No es que la máscara se cayese, sino que se la había quitado tranquilamente. A mucha gente se le iban rompiendo pedazos, dejaba entrever pequeñas facetas de su verdadero yo, de quién era... Ella no. No sabía si sería la opción más inteligente, o si lo hacía con todo el mundo, pero desde luego parecía una situación excepcional a la que no llegaba todos los días. Eso abría ciertas preguntas mientras arrojaba luz sobre otras, aunque en la suave penumbra de las respuestas que hallaba no tenía muy claro el haber llegado a una idea clara de a quién tenía realmente delante.

Se trataba de un puzzle en el que, cada vez que encajaba una pieza, aparecía otra. Un rompecabezas sin solución o quizá con una no tan obvia como la de mucha gente, pero había una cosa que sí podía ver: Quería ser resuelto. Aquella fachada tan bien construida, aquel porte encantado y esa inocencia tan bien fingida... ¿Era fingida? Dexter no entendía demasiado bien el funcionamiento de la mente, pero siempre había sospechado que detrás de cada gran actuación había un poso de verdad. Astartea estaba pidiendo a gritos ser resuelta, y si eso era cierto, no se había quitado la máscara: Se la acababa de poner.

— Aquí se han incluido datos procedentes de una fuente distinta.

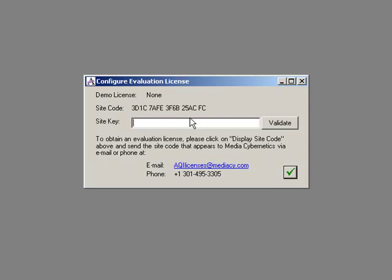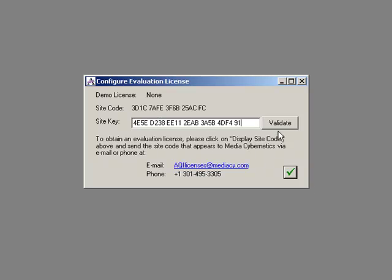We just email this code along with our name and address and our business address as well, because we need to go through a screening - a US government required screening for software companies for the denied person's list. And you will get back from that a code.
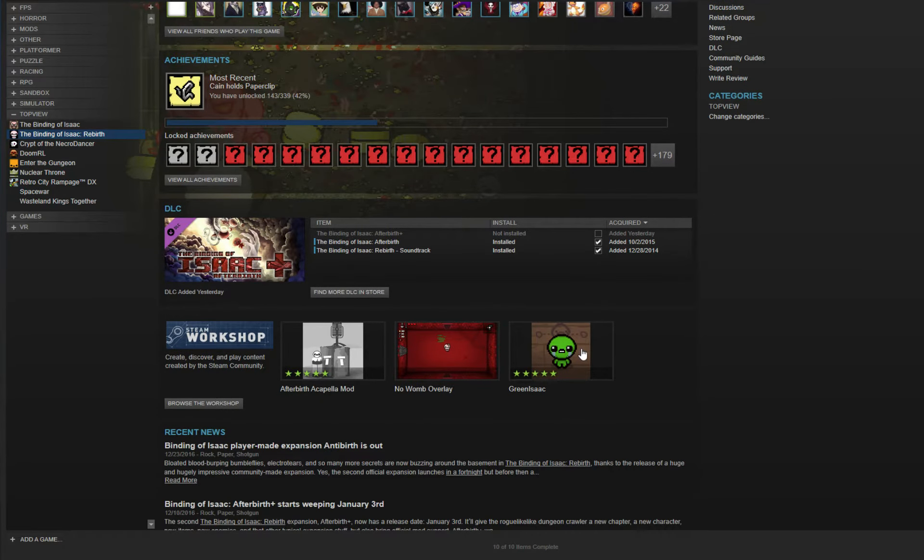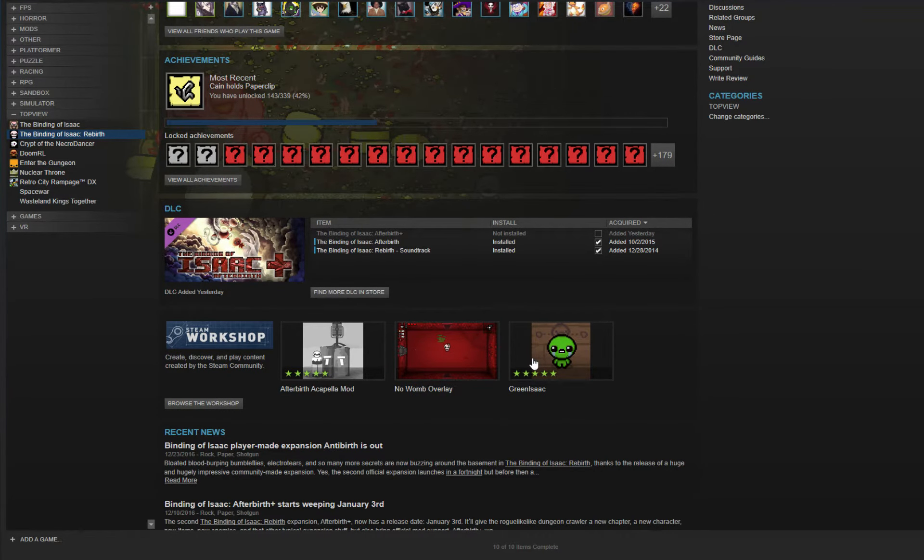This. You see this? See this? This is a mod called Green Isaac. And it makes Isaac green.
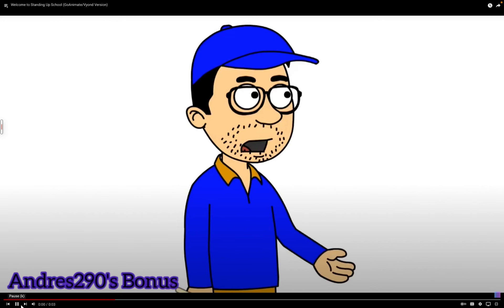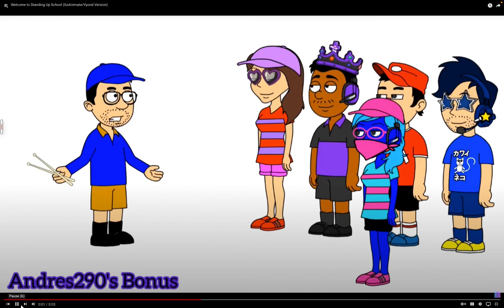Hello and welcome to Standing Up School. Hey look, Mr. Richard, Mr. Andres, Mr. Paul, and Mr. Gobby is in the video. I can see that, Dad.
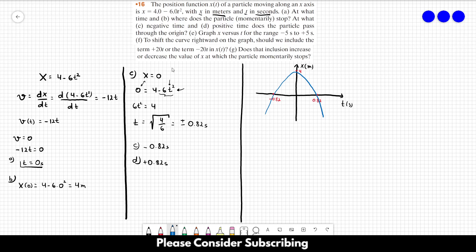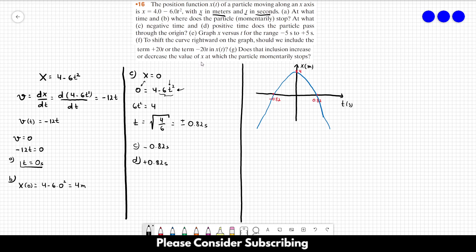That's the answer to letter E. You could extend the drawing for the full range from minus 5 to plus 5 seconds, but it would follow the same parabolic shape crossing through those known points. Letter F: to shift the curve rightward on the graph, should we include the term plus 20t or the term minus 20t in x of t?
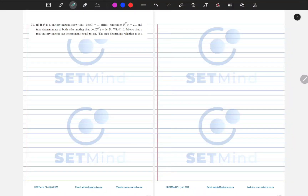Greetings. Welcome to this session. In this video, we'll be looking at question 11, which reads: if U is a unitary matrix, show that the absolute value of the determinant of U will be equal to 1.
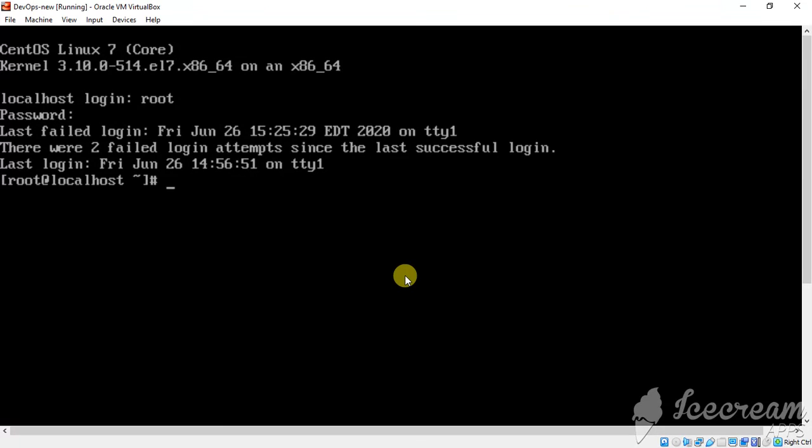So, as that was it. You can break your Red Hat or CentOS root password. Thank you for watching this video.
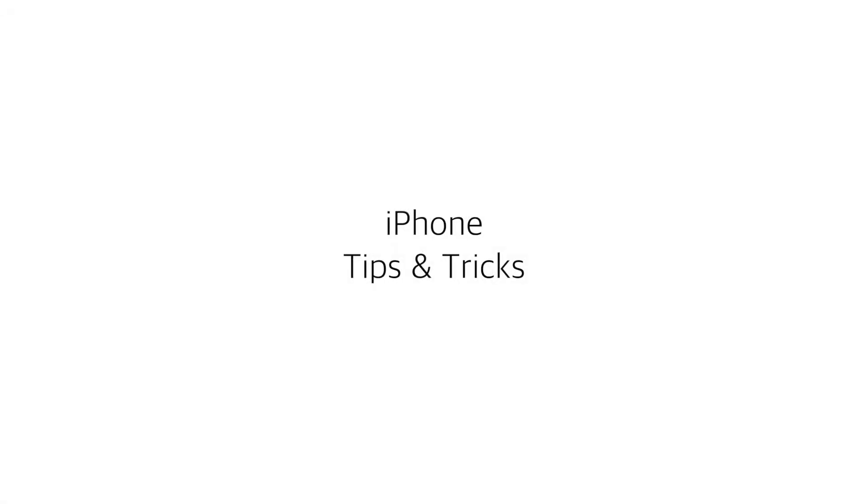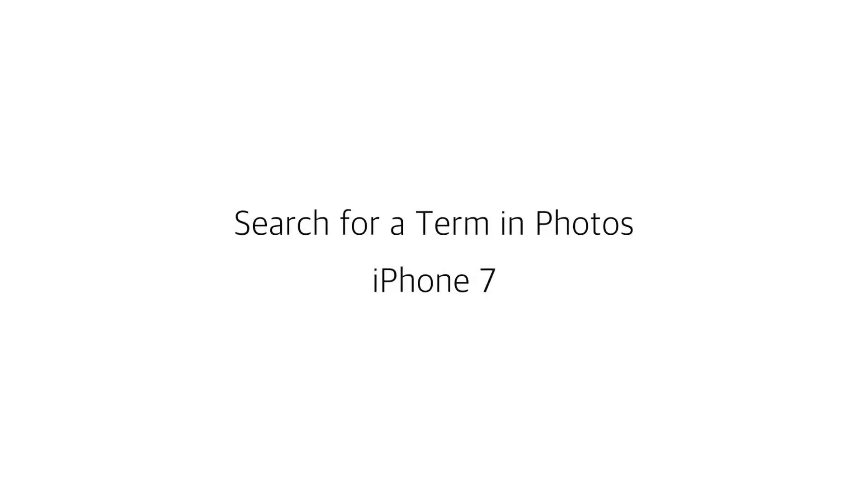Welcome to this tutorial. We're going to show you some tips and tricks for your iPhone. In this video I'm going to show you how to search for terms in the photo app.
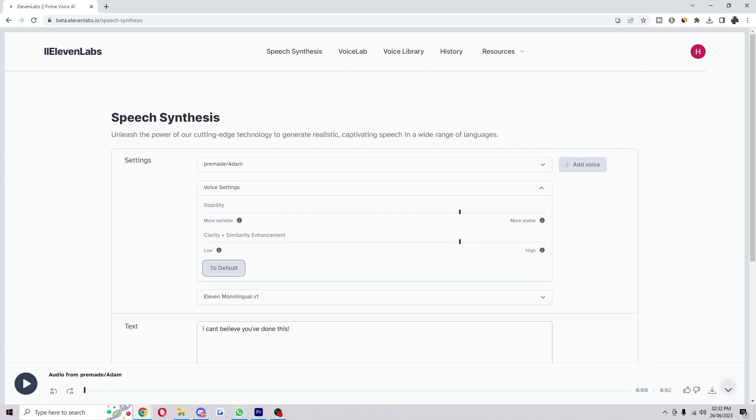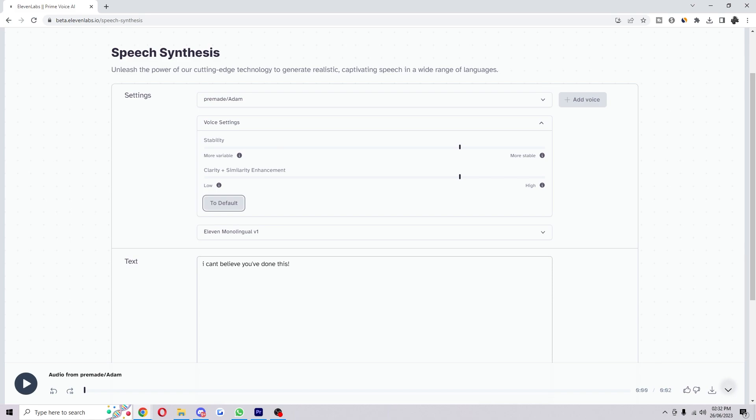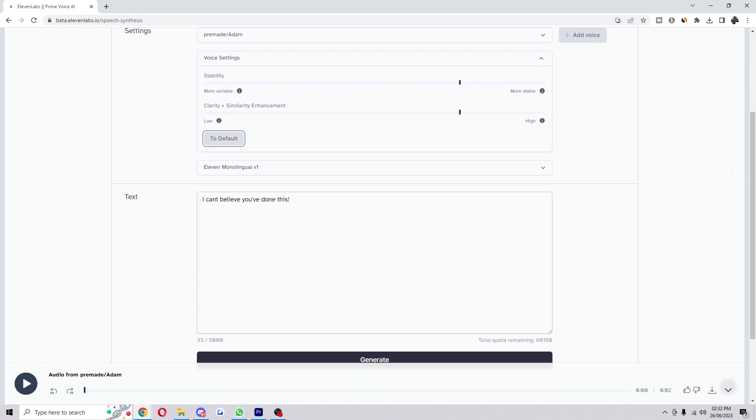Hello, welcome back to another video. Today we're going to show you how to add emotion in Eleven Labs. You want to come on this page, have your voice chosen, have the voice settings open, and your sentence written out.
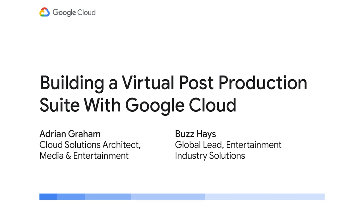Welcome to building a virtual post-production suite with Google Cloud. My name is Adrian Graham, and I'm a Cloud Solutions Architect for media and entertainment. I'm also here with my colleague, Buzz Hayes, who's a global lead for industry solutions for media and entertainment.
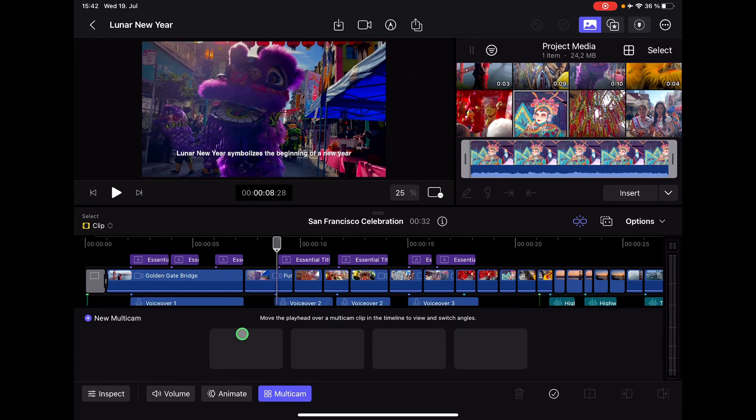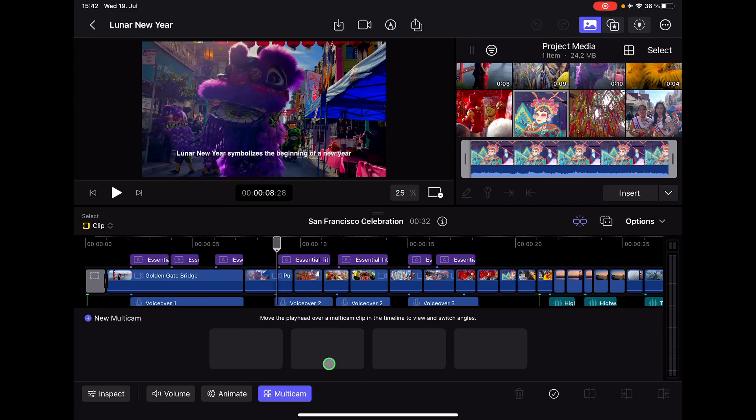There's also a new feature for multicam editing. You can now use shortcuts 1, 2, 3, 4 for switching multicam angles. Very simple. I don't have a multicam clip right now, but you can now use these shortcuts as well.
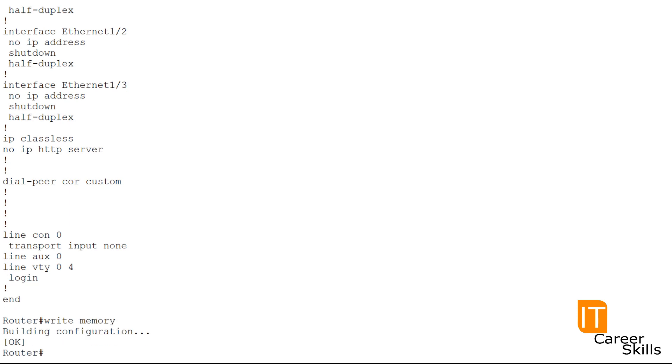This command will save the configuration that is currently being modified in RAM, also known as the running configuration, to the non-volatile RAM, NVRAM. So if the power is lost, the NVRAM will preserve the configuration.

Su cabeza se abarrotaba de teorías, de pensamientos, y tal vez si dispusiera de un momento a solas habría meditado un rato tratando de hilar sus posibles futuros encuentros, tratando de desgranar en interacciones que quizá nunca tendrían posibles rasgos de una personalidad que todavía no tenía claro si existían o no. Pero no tenía tiempo ni quería creer que todo estuviese determinado de antemano aunque, según las leyes de la probabilidad, en cierta medida lo estaba. A veces saber era terrible.

- Lo haces -contestó, entrecerrando los ojos con complacencia por un instante. "No sabes cuánto".

Lo último no lo había dicho, limitándose simplemente a escuchar y observar. La inocencia de su rostro contrastaba enormemente con la voluptuosidad de su cuerpo, cubierto pero no disimulado por un vestido; la infantil rabieta que fingía con lágrimas de cocodrilo chocaba con la macabra petición que acto seguido acababa de hacerle, de la facilidad con que se había recompuesto para, con una cierta cautela, terminar preguntándoselo directamente.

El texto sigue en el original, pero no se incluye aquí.